▶ What you have to do:
In the entries below, begin at the line that has "5 pares de calcetines", stop after the line that has "VINAIspectro interface, RACK view", and output those lines exactly with no pictures.

▶ Dataset records:
=== Begin Enclosure ===

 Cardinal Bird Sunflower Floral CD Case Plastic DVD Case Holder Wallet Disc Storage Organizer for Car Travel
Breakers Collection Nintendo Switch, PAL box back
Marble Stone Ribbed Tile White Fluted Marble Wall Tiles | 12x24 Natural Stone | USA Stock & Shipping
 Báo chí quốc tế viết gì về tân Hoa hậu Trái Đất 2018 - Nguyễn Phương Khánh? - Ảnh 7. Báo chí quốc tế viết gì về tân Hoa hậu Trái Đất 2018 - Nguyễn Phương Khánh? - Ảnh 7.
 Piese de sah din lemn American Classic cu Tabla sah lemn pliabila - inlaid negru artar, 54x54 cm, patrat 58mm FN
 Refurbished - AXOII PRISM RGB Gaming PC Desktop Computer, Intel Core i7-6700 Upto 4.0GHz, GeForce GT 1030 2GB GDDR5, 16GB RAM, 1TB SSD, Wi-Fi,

=== End Enclosure ===
=== Begin Enclosure ===

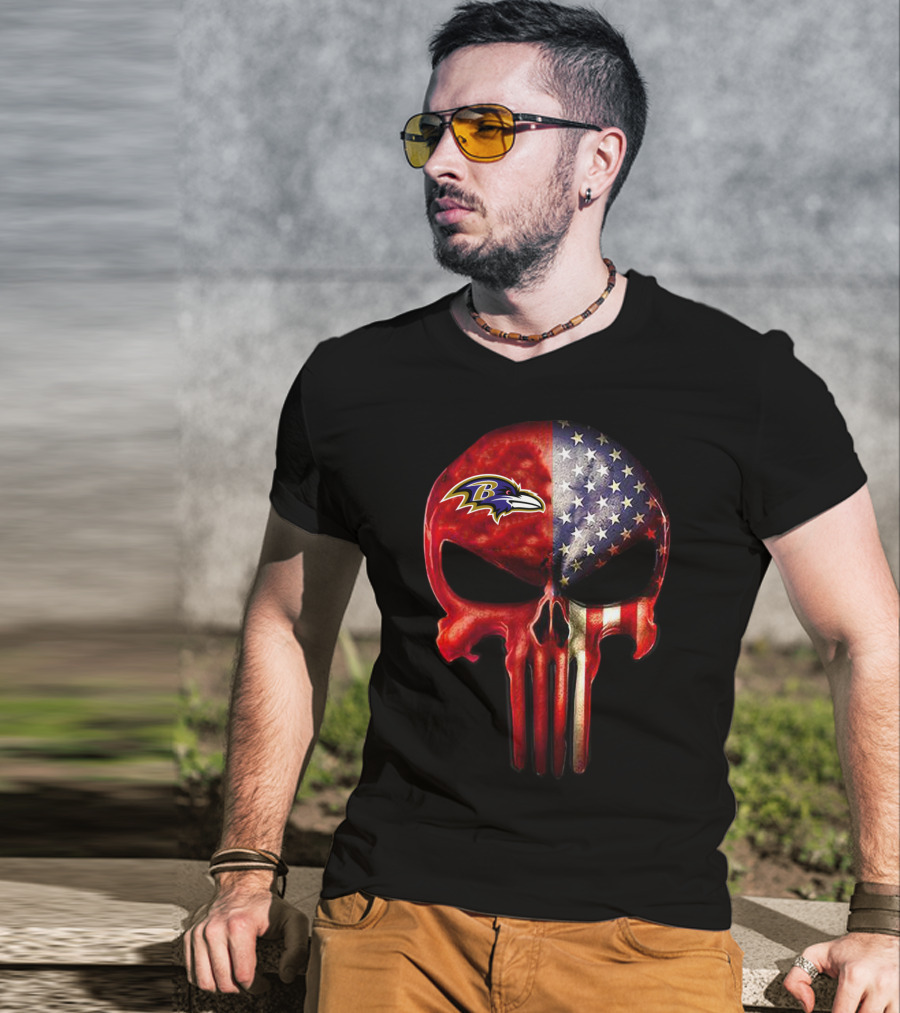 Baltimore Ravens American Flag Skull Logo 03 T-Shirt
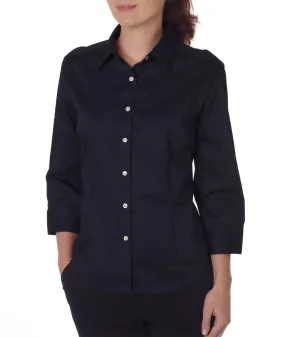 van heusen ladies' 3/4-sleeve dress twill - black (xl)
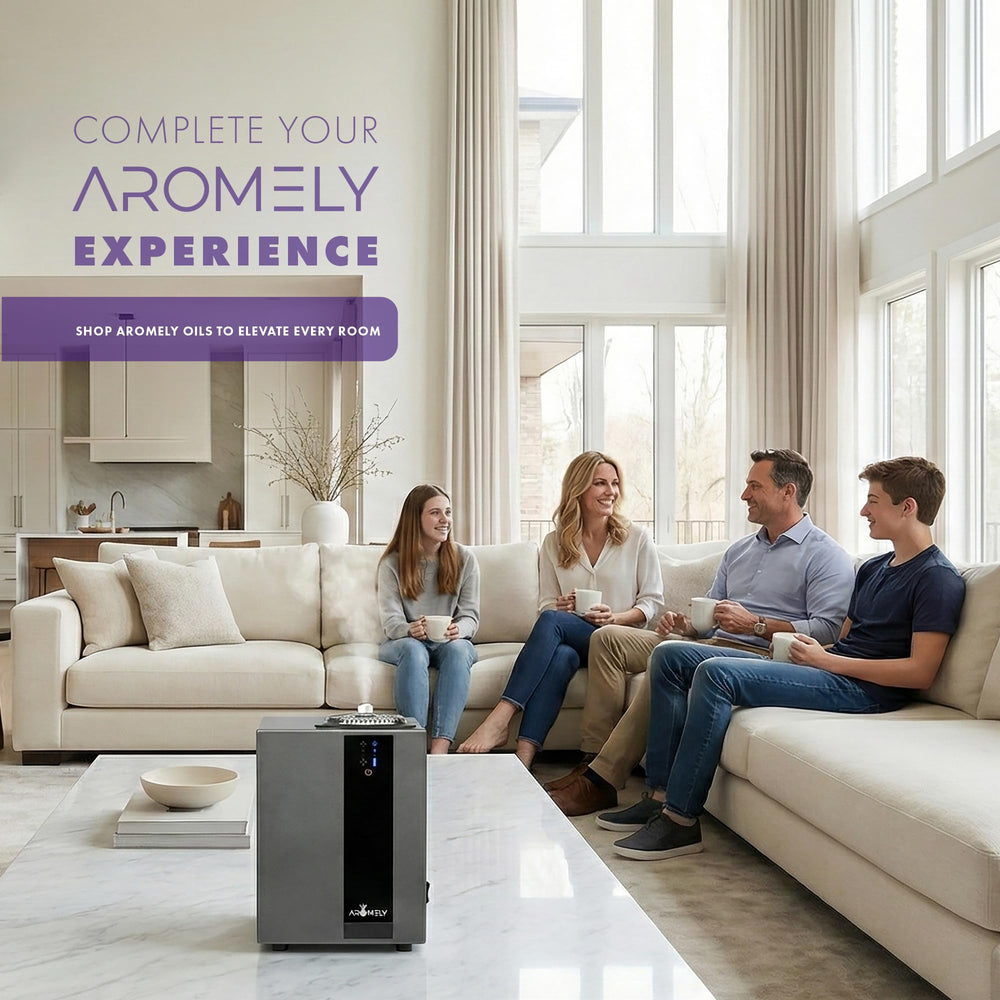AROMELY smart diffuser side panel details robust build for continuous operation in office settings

=== End Enclosure ===
=== Begin Enclosure ===

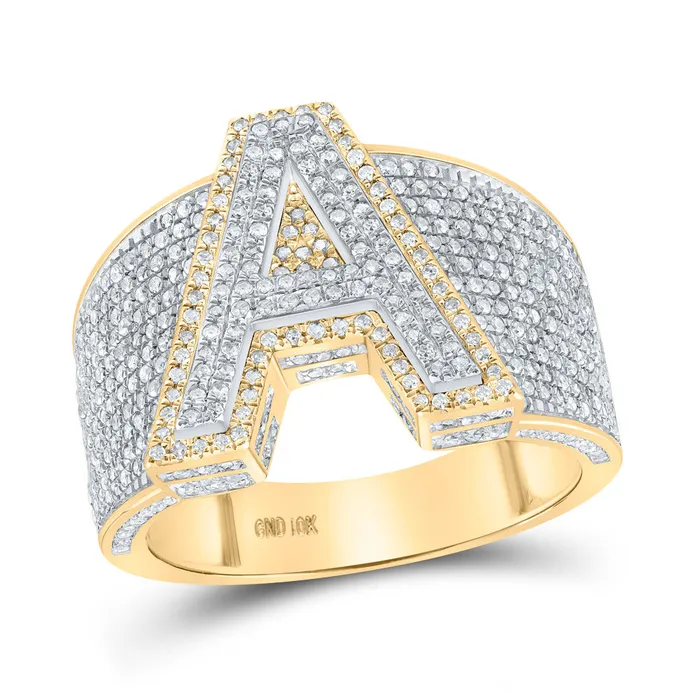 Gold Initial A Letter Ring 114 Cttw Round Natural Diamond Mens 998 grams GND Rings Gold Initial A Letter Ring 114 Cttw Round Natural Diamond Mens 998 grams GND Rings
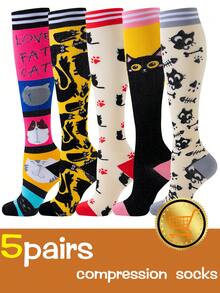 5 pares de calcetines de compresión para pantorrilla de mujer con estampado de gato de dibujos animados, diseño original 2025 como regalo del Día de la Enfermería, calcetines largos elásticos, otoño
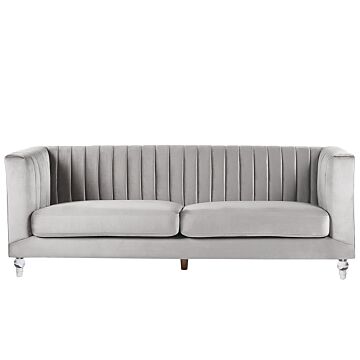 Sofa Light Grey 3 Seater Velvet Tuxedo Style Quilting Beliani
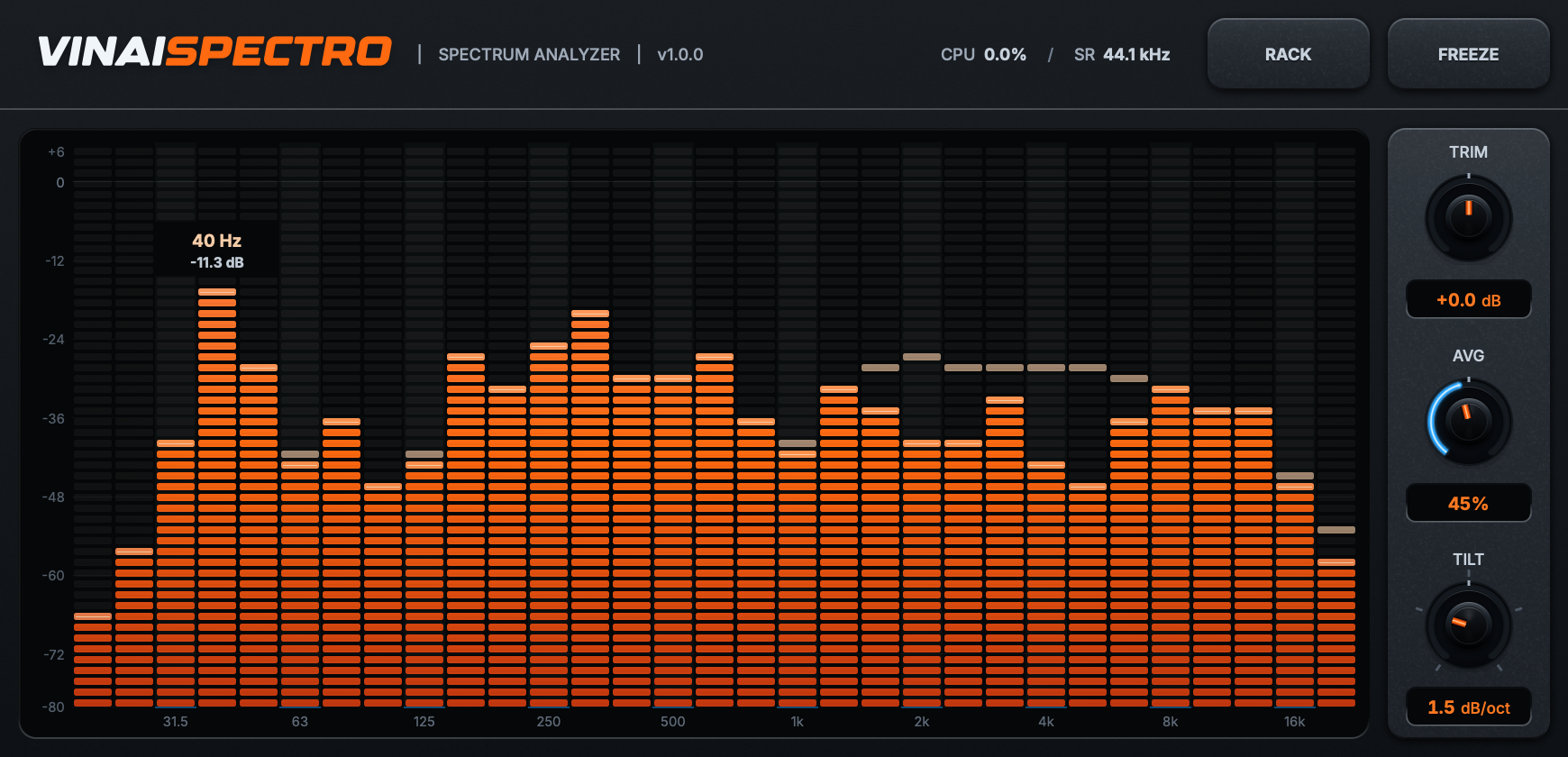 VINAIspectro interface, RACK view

=== End Enclosure ===

▶ Solution to the problem:
 5 pares de calcetines de compresión para pantorrilla de mujer con estampado de gato de dibujos animados, diseño original 2025 como regalo del Día de la Enfermería, calcetines largos elásticos, otoño
 Sofa Light Grey 3 Seater Velvet Tuxedo Style Quilting Beliani
 VINAIspectro interface, RACK view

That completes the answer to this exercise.